Using technology can be another way classical music can fit more into contemporary society, and one very innovative idea in recent days is that tweeters are now welcome at the Cincinnati Symphony Orchestra’s concerts. TweetSeats are an area in the theater for those who wish to communicate about the concert in real time. Another possible way to capitalize on technology could be for music groups to offer video casts, as a way to reach more audiences and create a new revenue stream at the same time.

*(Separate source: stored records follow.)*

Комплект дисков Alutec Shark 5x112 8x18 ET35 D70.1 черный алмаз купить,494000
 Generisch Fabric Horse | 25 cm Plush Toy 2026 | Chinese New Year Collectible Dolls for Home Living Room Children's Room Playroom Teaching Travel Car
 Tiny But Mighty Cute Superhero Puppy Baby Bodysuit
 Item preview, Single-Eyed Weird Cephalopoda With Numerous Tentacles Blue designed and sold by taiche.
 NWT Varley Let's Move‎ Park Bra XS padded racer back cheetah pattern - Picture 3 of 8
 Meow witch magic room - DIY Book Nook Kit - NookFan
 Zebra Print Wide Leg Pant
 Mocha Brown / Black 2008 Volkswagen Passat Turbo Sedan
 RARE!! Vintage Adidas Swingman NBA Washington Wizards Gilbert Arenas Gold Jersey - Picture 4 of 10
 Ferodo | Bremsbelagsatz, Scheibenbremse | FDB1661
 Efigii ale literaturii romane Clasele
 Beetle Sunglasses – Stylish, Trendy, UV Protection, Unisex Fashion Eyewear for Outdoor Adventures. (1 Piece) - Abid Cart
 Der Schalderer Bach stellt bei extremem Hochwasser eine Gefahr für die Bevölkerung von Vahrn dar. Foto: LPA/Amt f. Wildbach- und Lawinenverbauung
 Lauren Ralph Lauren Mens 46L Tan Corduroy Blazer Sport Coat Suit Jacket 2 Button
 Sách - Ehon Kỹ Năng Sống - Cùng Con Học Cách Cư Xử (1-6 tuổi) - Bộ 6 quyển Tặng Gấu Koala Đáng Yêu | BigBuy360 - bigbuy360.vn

The role of social media as a tool for classical musicians and organizations can’t be underestimated. The San Francisco Classical Voice ran a recent post titled “Simply Connect: The Rise of Social Media in the Arts“, which discusses the benefits of social media as a means to boost, expand and communicate with audiences. Social media provides a kind of backstage access, revealing more than what goes on behind the scenes. It lets people feel more engaged, and not only in the end result, says Janet Cowperthwaite, managing director for the Kronos Quartet, but in the concert, the recording, and the process in getting there.
Thinking outside the box, beyond the typical concert setting, reaching audiences in new ways like this is brilliant. It looks at contemporary society and puts pieces of the puzzle together. The more we can connect with contemporary society, the more we can change the culture surrounding classical music.